SUPPLIED DATA:
━━━━━━━━

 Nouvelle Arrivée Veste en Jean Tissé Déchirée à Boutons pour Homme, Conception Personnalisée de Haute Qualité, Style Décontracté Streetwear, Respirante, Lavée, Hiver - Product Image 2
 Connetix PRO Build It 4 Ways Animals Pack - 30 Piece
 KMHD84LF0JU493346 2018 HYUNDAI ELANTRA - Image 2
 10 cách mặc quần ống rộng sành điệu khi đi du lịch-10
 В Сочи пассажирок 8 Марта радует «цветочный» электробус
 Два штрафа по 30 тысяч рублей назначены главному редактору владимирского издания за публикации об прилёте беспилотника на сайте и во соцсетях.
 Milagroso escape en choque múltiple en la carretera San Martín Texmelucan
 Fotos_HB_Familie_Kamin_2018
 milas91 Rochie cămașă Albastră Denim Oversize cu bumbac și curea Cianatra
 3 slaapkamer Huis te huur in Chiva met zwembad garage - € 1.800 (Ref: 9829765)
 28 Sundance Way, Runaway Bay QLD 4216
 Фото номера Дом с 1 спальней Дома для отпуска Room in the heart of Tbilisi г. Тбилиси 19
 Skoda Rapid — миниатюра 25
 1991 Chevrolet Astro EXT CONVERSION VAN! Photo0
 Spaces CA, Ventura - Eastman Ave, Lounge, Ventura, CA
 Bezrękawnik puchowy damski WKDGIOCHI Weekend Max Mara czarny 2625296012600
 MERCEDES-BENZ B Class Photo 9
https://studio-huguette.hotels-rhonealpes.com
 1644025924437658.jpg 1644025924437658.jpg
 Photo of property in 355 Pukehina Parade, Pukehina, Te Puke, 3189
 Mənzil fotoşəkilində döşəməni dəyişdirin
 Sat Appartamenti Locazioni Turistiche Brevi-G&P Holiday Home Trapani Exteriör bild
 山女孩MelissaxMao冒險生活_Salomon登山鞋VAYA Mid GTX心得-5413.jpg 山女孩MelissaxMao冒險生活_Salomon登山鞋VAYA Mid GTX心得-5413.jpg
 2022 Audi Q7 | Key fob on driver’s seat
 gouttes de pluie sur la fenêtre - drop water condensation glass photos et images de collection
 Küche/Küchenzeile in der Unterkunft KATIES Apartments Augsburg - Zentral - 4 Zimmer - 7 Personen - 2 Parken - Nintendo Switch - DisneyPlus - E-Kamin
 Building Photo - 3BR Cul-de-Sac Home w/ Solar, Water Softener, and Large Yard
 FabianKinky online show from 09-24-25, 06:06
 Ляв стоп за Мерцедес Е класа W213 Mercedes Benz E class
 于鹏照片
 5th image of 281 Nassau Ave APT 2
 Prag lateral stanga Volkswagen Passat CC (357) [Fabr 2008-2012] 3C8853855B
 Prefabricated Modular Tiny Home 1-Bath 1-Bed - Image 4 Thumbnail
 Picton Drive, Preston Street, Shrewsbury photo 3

━━━━━━━━

AIM OF THE EXERCISE: Nothing before the line containing "Mid GTX心得-5413.jpg 山女孩MelissaxMao冒險生活_Salomon登山鞋VAYA" should be repeated; repeat that line and all later lines through the end of the data above, exactly.

EXERCISE SOLUTION:
 山女孩MelissaxMao冒險生活_Salomon登山鞋VAYA Mid GTX心得-5413.jpg 山女孩MelissaxMao冒險生活_Salomon登山鞋VAYA Mid GTX心得-5413.jpg
 2022 Audi Q7 | Key fob on driver’s seat
 gouttes de pluie sur la fenêtre - drop water condensation glass photos et images de collection
 Küche/Küchenzeile in der Unterkunft KATIES Apartments Augsburg - Zentral - 4 Zimmer - 7 Personen - 2 Parken - Nintendo Switch - DisneyPlus - E-Kamin
 Building Photo - 3BR Cul-de-Sac Home w/ Solar, Water Softener, and Large Yard
 FabianKinky online show from 09-24-25, 06:06
 Ляв стоп за Мерцедес Е класа W213 Mercedes Benz E class
 于鹏照片
 5th image of 281 Nassau Ave APT 2
 Prag lateral stanga Volkswagen Passat CC (357) [Fabr 2008-2012] 3C8853855B
 Prefabricated Modular Tiny Home 1-Bath 1-Bed - Image 4 Thumbnail
 Picton Drive, Preston Street, Shrewsbury photo 3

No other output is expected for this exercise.